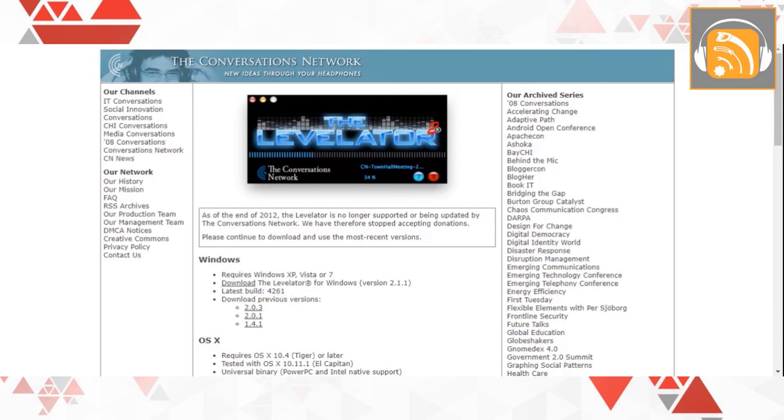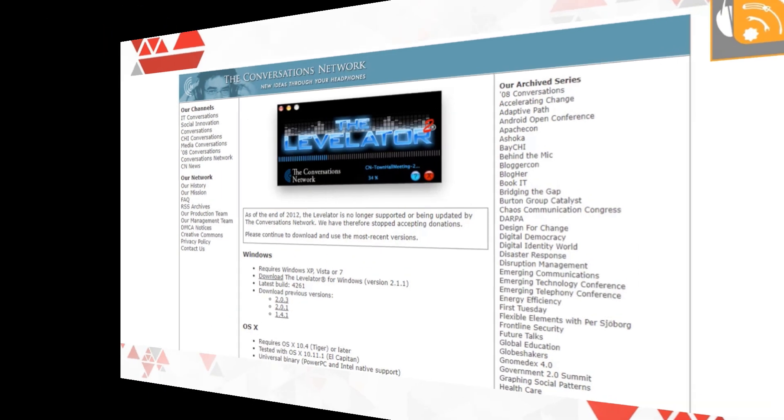Or negative 19 LUFS mono. Levelator has been around for a long time. It's no longer supported, but it works just fine. I occasionally use the program and it seems to work just fine for me.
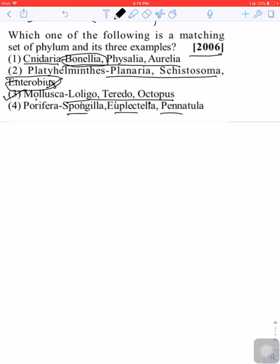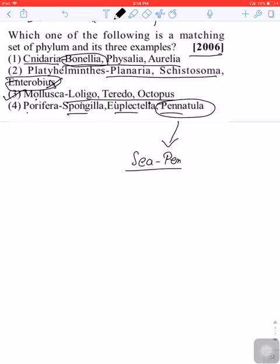Then we have the Porifera option. You can see here Spongilla, Euplectella, and Pennatula. Pennatula, or sea pen, is actually an example of Cnidaria, not Porifera, which is a coelenterate.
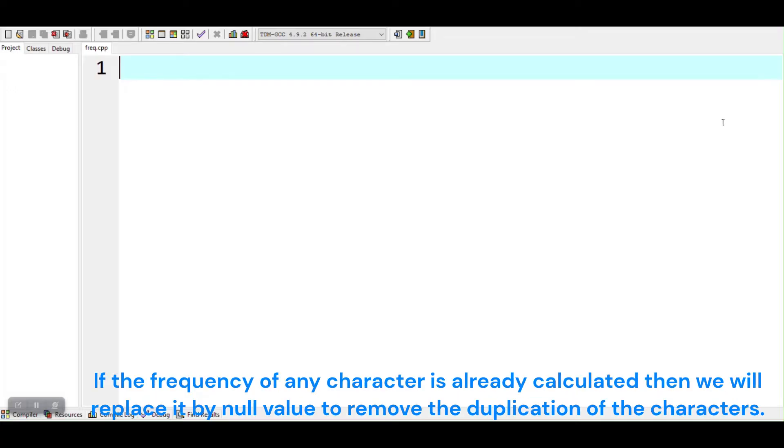If the frequency of any character is already calculated then we will replace it by null value to remove the duplication of the characters.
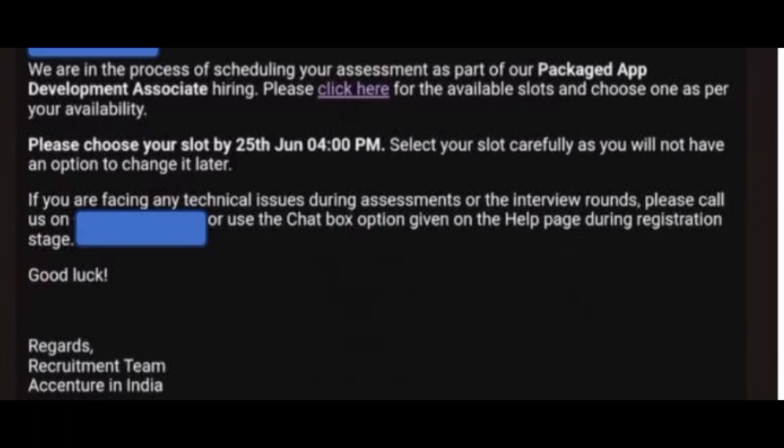I'm telling about the Packaged App Development Associate profile. Those who got the mail from Accenture, please mention it in my comment box. You can also follow me on my Facebook page and LinkedIn profile. This mail is from Accenture for candidates who received the Packaged App Development Associate profile offer.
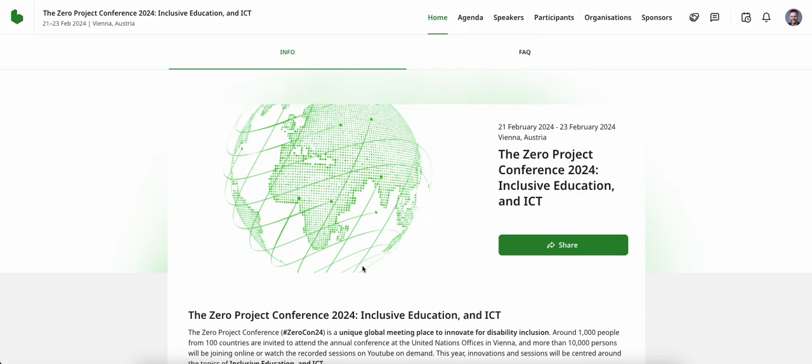This is an explainer video on how to network and meet other participants at the ZERO Project Conference 2024. You are now on the homepage of the ZERO Project Conference 2024 conference platform.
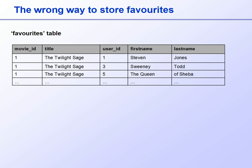For example, if the Twilight Saga was a favourite of Stephen Jones, Sweeney Todd, and the Queen of Sheba, the favourites table would start out like this, with the movie listed three times — once for each person who likes it.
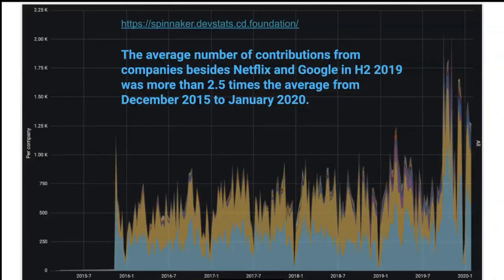The average number of contributions from companies besides Netflix and Google in the second half of 2019 was more than two and a half times the average from December 2015 to January 2020. It's amazing to see people using Spinnaker in production or leveraging it as an internal platform. As companies move toward a self-service model, providing app dev teams with the right information just in time allows them to move much faster.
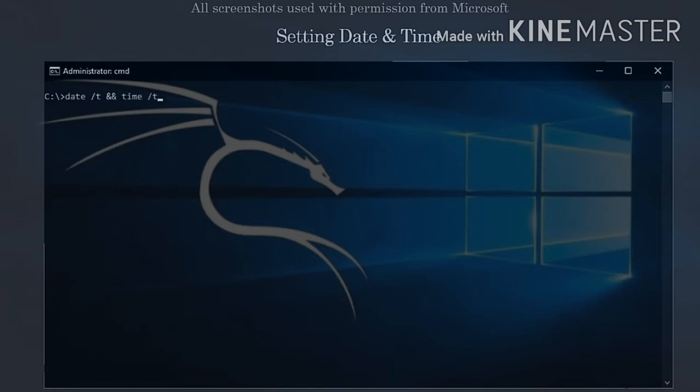A useful trick I've learned is using two ampersand signs to run multiple commands at once. To view the current date and time within the same command, type in the following: date slash t, two ampersands, time slash t. You'll then see this information displayed on screen.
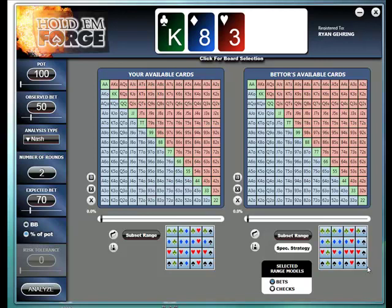Hey everyone, it's Ryan from Hold'em Forge. What I'm going to be doing in this video is just taking a look at one of the typical use cases for Hold'em Forge, which is when you're facing a bet on the flop and trying to figure out roughly what group of hands you want to continue with and what hands you want to fold — making that hold'em, fold'em decision.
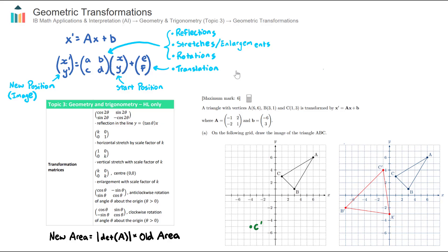Some of the harder IB exam questions will ask you to create the transformation matrix. The formulas given in the formula book are very useful for this. I won't go through them all now, but we have formulas to help us create either the transformation matrix A or the vector translation B.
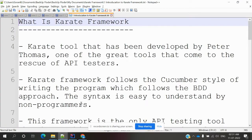Hi friends, welcome to my YouTube channel. This is Lokesh and today we are going to discuss what is the Karate framework. This is a basic introduction class for beginners who are going to learn the Karate framework.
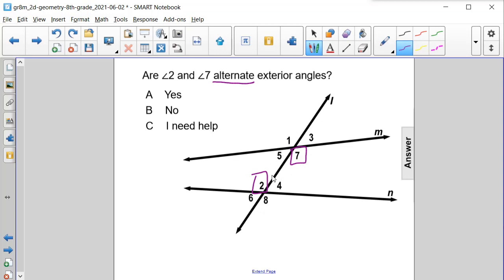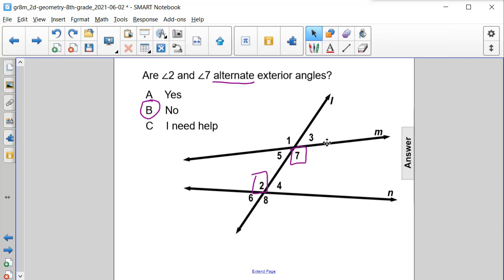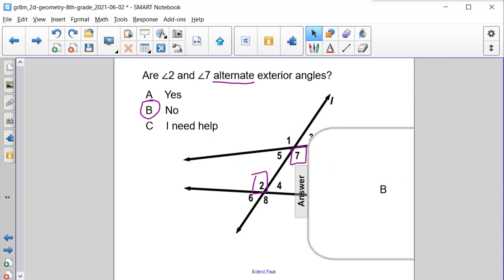However, they are on the inside of our other two given lines, lines M and N. So therefore, angle 2 and angle 7 are alternate interior angles, not alternate exterior angles. So our answer choice here is B, no.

◆ Your instructions ◆
From the first line of the records through the line with "Then we have", reproduce each line exactly and leave the pictures out.

◆ Answer box ◆
Or negative 19 LUFS mono. Levelator has been around for a long time. It's no longer supported, but it works just fine. I occasionally use the program and it seems to work just fine for me.
Then we have the Porifera option. You can see here Spongilla, Euplectella, and Pennatula. Pennatula, or sea pen, is actually an example of Cnidaria, not Porifera, which is a coelenterate.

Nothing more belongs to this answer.